Song by Debbie Reynolds and Frank Sinatra

from the album The Tender Trap
- B-side: "Canoodlin' Rag"
- Released: 1955
- Genre: Traditional pop, big band
- Label: MGM
- Songwriter: Sammy Cahn
- Composer: Jimmy Van Heusen

= (Love Is) The Tender Trap =

"(Love Is) The Tender Trap" is a popular song composed by Jimmy Van Heusen, with lyrics by Sammy Cahn.

It was written for the 1955 film The Tender Trap, where it was introduced by Debbie Reynolds and Frank Sinatra, who each sing the song separately. It was nominated for the Academy Award for Best Original Song, but lost to "Love Is a Many-Splendored Thing" from the film of the same name.

A version by Frank Sinatra became a major hit in the United Kingdom, peaking at no. 2 in February 1956. It reached no. 7 in the US charts.

==Other recordings==
- Bing Crosby recorded the song in 1955 for use on his radio show and it was subsequently included in the box set The Bing Crosby CBS Radio Recordings (1954–56) issued by Mosaic Records (catalog MD7-245) in 2009.
- Debbie Reynolds (1956).
- Denny Dennis (1956).
- Ella Fitzgerald (1956).
- Frank Sinatra recorded it again in 1962 for his album Sinatra–Basie: An Historic Musical First.
- Sammy Davis Jr. – for his album The Wham of Sam (1961)

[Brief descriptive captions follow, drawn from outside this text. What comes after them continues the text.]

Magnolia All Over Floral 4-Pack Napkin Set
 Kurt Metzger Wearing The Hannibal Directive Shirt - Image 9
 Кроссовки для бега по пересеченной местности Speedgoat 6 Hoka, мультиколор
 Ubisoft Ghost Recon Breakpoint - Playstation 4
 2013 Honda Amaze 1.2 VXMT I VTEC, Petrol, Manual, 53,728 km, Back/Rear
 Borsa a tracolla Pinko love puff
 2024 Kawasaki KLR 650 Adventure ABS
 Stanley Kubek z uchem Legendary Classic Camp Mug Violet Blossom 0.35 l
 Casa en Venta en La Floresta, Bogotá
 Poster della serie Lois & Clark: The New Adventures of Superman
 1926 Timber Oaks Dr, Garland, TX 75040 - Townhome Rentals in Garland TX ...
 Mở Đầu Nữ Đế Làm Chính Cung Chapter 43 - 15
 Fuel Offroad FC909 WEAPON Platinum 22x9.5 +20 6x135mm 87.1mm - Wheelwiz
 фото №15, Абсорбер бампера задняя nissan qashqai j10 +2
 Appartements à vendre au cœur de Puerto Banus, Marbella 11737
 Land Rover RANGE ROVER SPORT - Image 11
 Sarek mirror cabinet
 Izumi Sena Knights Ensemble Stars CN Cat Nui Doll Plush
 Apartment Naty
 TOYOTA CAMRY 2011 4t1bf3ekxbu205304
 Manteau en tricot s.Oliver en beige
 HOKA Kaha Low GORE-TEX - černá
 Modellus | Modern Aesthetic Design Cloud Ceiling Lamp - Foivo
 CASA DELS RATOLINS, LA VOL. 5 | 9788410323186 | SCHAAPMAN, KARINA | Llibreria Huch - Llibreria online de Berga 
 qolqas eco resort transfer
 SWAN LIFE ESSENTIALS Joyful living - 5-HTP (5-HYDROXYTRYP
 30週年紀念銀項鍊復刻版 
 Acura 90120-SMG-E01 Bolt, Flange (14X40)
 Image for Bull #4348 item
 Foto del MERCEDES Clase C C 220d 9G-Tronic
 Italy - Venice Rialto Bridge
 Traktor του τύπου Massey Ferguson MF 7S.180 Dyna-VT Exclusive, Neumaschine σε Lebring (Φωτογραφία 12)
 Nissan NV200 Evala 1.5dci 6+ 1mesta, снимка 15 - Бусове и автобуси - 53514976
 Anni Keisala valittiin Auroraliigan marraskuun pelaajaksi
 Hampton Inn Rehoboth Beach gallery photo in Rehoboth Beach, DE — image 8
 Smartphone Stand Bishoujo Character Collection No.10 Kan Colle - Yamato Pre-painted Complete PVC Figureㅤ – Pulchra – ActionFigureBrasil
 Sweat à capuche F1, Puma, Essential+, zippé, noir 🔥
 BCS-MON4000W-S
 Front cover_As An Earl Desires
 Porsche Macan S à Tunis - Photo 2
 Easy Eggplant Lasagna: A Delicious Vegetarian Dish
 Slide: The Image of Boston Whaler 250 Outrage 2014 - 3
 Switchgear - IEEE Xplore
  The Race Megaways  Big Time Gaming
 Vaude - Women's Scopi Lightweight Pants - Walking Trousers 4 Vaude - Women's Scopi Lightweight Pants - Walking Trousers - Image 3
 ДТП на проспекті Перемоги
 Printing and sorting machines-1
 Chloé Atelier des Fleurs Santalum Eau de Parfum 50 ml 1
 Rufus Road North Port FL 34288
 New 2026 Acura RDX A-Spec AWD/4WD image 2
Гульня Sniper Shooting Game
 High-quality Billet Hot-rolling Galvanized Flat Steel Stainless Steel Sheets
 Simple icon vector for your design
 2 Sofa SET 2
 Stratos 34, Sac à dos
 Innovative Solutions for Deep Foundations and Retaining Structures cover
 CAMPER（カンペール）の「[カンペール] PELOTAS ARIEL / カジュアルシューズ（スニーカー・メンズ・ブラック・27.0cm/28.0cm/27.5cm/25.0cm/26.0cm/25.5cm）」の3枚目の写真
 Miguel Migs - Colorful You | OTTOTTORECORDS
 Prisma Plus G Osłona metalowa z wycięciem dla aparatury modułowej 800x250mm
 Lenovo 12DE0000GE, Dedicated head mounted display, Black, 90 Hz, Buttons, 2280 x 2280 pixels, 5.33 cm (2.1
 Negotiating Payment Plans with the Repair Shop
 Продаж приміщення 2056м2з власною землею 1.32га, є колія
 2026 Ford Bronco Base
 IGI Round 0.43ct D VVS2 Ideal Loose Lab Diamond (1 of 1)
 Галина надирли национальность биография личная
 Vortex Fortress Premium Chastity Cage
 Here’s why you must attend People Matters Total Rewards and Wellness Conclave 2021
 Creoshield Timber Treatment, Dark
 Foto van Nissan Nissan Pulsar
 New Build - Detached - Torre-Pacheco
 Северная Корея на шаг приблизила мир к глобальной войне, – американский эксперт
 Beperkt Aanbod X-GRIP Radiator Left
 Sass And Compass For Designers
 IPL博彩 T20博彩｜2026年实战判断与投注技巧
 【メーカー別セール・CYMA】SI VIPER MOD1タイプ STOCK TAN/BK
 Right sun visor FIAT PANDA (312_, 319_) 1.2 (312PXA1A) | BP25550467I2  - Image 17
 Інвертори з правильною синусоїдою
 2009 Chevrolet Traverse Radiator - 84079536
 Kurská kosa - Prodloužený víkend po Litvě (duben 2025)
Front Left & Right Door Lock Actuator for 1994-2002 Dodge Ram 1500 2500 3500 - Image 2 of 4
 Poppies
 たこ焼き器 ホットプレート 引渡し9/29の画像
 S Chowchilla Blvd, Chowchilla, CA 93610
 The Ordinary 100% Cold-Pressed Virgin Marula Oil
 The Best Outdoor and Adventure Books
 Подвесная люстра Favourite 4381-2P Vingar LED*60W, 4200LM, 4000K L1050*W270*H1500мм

- Billy Eckstine – for his album Don't Warry bout me (1962) "The Wham of Sam – Sammy Davis Jr.
- Robert Palmer – from the album Robert Palmer (1992), which was also used on the soundtrack of the film True Romance.
- Stacey Kent – included in her album Love Is...The Tender Trap (1998)
- Steve Lawrence – for his album Academy Award Losers (1964).